Devant l’insistance et la présence des policiers et des pompiers, les habitants du centre-ville ont pour la plupart finalement accepté de quitter les lieux. Deux cents voitures ont pu être déplacées, évitant d’être emportées ou noyées. Quelque cent cinquante Nemouriens ont échoué au gymnase des Cherelles. La vie s’y organise doucement. De nombreux vivres ont été apportés par des habitants : gamelles de couscous, de mafé, de riz, pizzas offertes par la pizzeria voisine, biscuits, fruits… Trois camions chargés d’eau minérale sont enfin arrivés, l’eau courante ayant été coupée ou peut-être polluée par les inondations, redoute la mairie.

Dans l’immense salle du gymnase, des dizaines de lits ont été installés. Assises l’une à côté de l’autre, Françoise Morel, 68 ans, et Josy Beaufre, 65 ans, trouvent le temps long. La première, résidant au rez-de-chaussée d’un immeuble de la rue Bezout, inondée, a vu l’eau envahir son appartement. « J’ai eu à peine le temps de mettre des dossiers dans un sac et de le glisser en haut d’une armoire », explique Françoise.
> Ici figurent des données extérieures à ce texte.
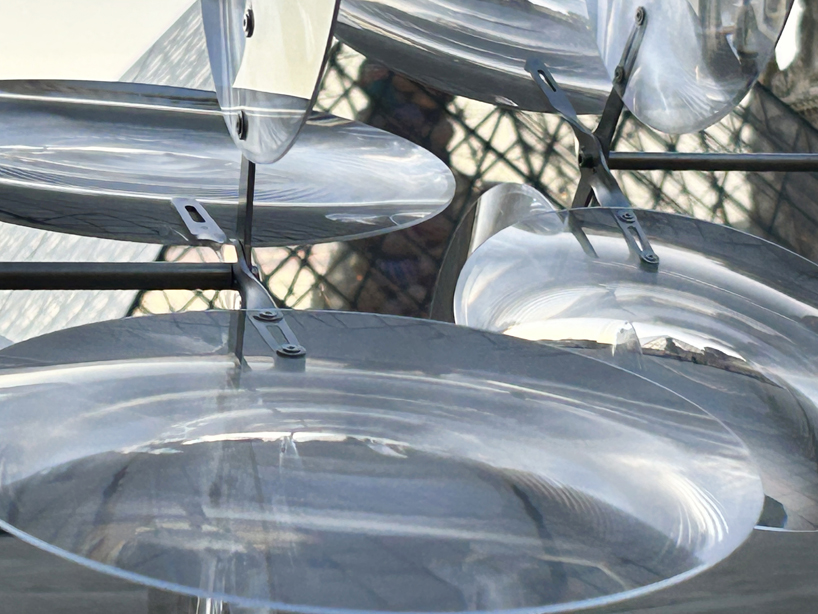 kinetic cloud's floating lenses by vincent leroy deform louvre's facade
Un habitant traversant une rue innodée de Nemours. | DOMINIQUE FAGET / AFP

Son amie a, elle, plus de chance. Habitant au premier étage de la maison voisine, elle ne craint pas l’eau, mais elle a dû monter aussi dans la barque à cause de sa chienne, Fanette, qu’elle doit sortir régulièrement. Les deux regrettent de ne pas avoir été averties par la mairie. « Ils nous ont glissé un papier dans la boîte aux lettres tard le soir, mais moi, je ne descends pas la nuit voir mon courrier », marmonne Josy. Et pas question pour elle de rester plus de deux jours dans ce gymnase, trop éclairé, trouve-t-elle, pour pouvoir y fermer l’œil.

Inquiétude pour d’autres villes

Dans la nuit, de loin en loin, les gyrophares des voitures de secours clignotent, reflétés par l’eau qui recouvre la chaussée. A la caserne de pompiers, le va-et-vient est incessant. Quatre-vingt sapeurs sont engagés sur le terrain, ainsi que des équipes de la protection civile. Trois hélicoptères ont procédé à des extractions de personnes et à des reconnaissances. Et une vingtaine de plongeurs aident à l’évacuation.

A quelques dizaines de mètres de la caserne, la maire a trouvé refuge au centre technique municipal, sa maison ayant été envahie par les eaux. Elle va terminer ici sa nuit, y dormir une paire d’heures avant d’aller accueillir, jeudi dès 8 heures du matin, le premier ministre et le ministre de l’intérieur. « C’est le défilé, s’amuse Valérie Lacroute. Ségolène Royal est venue mercredi après-midi. Ça fait perdre du temps, mais si on y gagne des aides financières de l’Etat, cela vaut le coup. »

Si Nemours est l’objet de toutes les attentions, la situation dans d’autres villes du département reste préoccupante, notamment vers Coulommiers et Crécy-la Chapelle, sur les rives des Grand et Petit Morin. « Une victime est à déplorer, une octogénaire découverte morte dans sa maison en partie inondée à Souppes-sur-Loing, détaille, mercredi soir, le préfet de Seine-et-Marne, Jean-Luc Marx. 79 routes sont coupées et 9 315 personnes n’ont plus d’électricité. » Les cours des établissements scolaires des communes riveraines du Loing ont été suspendus jusqu’à samedi.

A Nemours, jeudi matin, une heure avant l’arrivée de Manuel Valls, la pluie redoublait, laissant craindre encore une aggravation de la crue.